A transmitted signal is $X(f)=G_T(f)C(f)G_R(f)$, which needs to satisfy the Nyquist criterion for zero ISI. The raised cosine spectrum is one possible choice for $X(f)$. $G_T(f)$ determines the transmitted pulse shape, $C(f)$ is the channel (cannot control) and $G_R(f)$ is the receive filter.

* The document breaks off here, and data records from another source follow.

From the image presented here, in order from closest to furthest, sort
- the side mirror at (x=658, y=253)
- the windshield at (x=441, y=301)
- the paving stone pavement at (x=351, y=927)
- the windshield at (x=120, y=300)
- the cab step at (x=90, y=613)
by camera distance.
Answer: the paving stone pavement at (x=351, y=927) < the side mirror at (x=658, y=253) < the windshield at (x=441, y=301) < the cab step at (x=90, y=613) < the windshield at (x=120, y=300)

We can design the filters $G(f)$ to compensate for the channel at the transmitter, giving: $$|G_T(f)|=\frac{|X(f)|^\frac{1}{2}}{|C(f)|}$$ $$|G_R(f)|=|X(f)|^\frac{1}{2}$$ Alternately we can design to compensate for the channel at both the transmitter and receiver: $$|G_T(f)|=\frac{|X(f)|^\frac{1}{2}}{|C(f)|^\frac{1}{2}}$$ $$|G_R(f)|=\frac{|X(f)|^\frac{1}{2}}{|C(f)|^\frac{1}{2}}$$ The second design is optimal in terms of error probability for Gaussian noise. Both designs use $P(f)=X(f)^\frac{1}{2}$, called the Square Root Raised Cosine (SRRC), abbreviated to RRC. For baseband channels, the Nyquist criterion says that zero ISI can be achieved if the symbol transmission rate is $R\leq2W$, where $W$ is the channel bandwidth. For bandpass channels with bandwidth $W$, the previous analysis still holds if $s(t),c(t),z(t),r(t),y(t)$ are the complex baseband equivalents. In this case the Nyquist criterion says that zero ISI can be achieved if $R\leq W$ (due to different ways of defining bandwidth).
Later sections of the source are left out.